This week, Darden Restaurants (DRI) will announce its fiscal Q3 earnings. For those unfamiliar with DRI's business, Darden owns and operates 1,936 restaurant locations throughout North America, including chains like Olive Garden, LongHorn Steakhouse, and Red Lobster. The company has recently gotten a lot of flak for management comments about healthcare and little growth, and is heavily shorted. However, the stock is a classic value pick - a beaten down stock with a strong yield and a safe, diversified brand portfolio.
Over the last 6 quarters, DRI has not seen great earnings growth, but has generally managed street expectations very well:
|Q2 2013||$ 0.26||$ 0.26||0||$ 0.41|
|Q1 2013||$ 0.84||$ 0.86||0.02||$ 0.78|
|Q4 2012||$ 1.15||$ 1.15||0||$ 1.00|
|Q3 2012||$ 1.24||$ 1.25||0.01||$ 1.08|
|Q2 2012||$ 0.41||$ 0.41||0||$ 0.54|
|Q1 2012||$ 0.78||$ 0.78||0||$ 0.80|
This rock solid visibility into future earnings gives me a lot of confidence in Darden's management. Equally important, it removes almost any catalyst for the many short positions, excluding a macro shock.
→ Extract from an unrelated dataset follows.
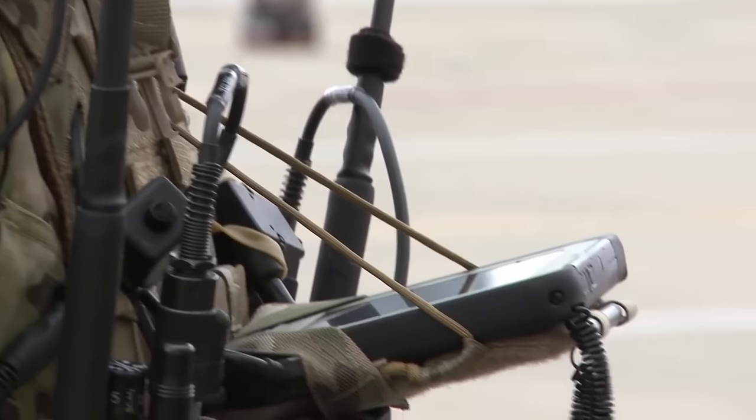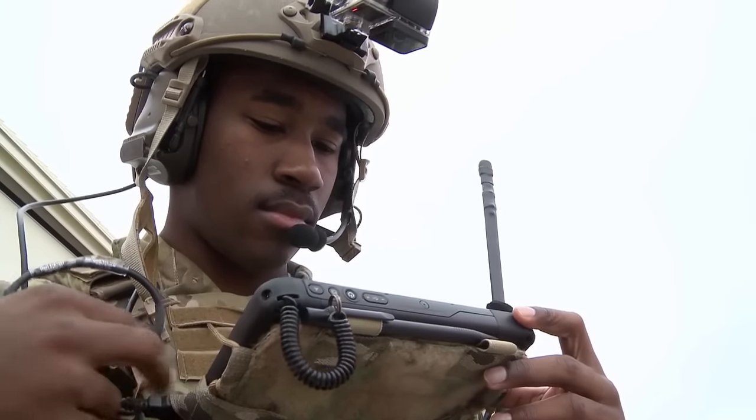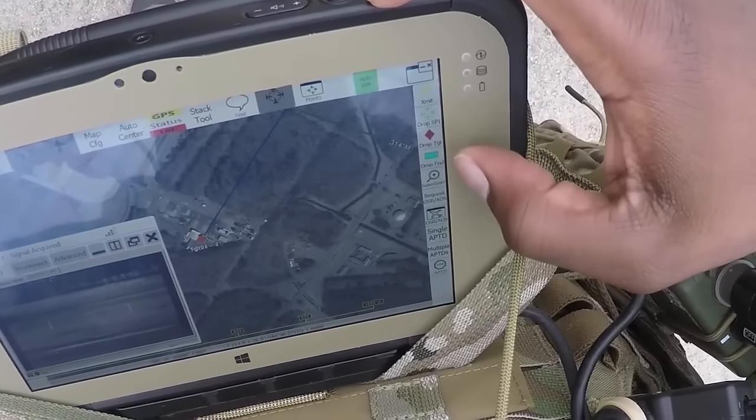The touchpad can provide more instant communication than current existing systems and even boost situational awareness by providing pilots and ground forces with a data exchange. This includes receiving live video streaming from overhead aircraft and sharing friendly position information from down below.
The company's valuation makes it especially attractive: the company trades at barely a 14x PE: making it cheap not only for a consumer discretionary stock, but for anything in the S&P 500. Given the nature of DRI's business, I think this makes it a huge bargain: even a weak consumer goes out to the Olive Garden with some frequency.
Compared with its closest competitor, DIN, the company looks very strong. DRI is about 4x the size of DIN by market cap and has grown trailing 12-month revenues despite a tough environment and a bad quarter reported in December (data from yahoo finance).
Most importantly, to me, the company has clearly been pro-shareholder focused. With a strong dividend yield that returns more than half of earnings to shareholders, I am hoping that management can fight the lack of growth and force the shorts to cover.
There is some risk for DRI. Shorts are betting the macro forces like the weak economy and changes in taste will drive sales down. It is true that more health conscious Americans may cut down on their breadstick consumption.
But I'm hoping that DRI brands catch an updraft from consumers leaving McDonald's (MCD) and other fast food restaurants. And with the millennials starting families, there is a whole new group of consumers looking for affordable family meals.
I think there's a great chance of a bump in DRI if Darden can beat estimates by a few cents, spooking the shorts.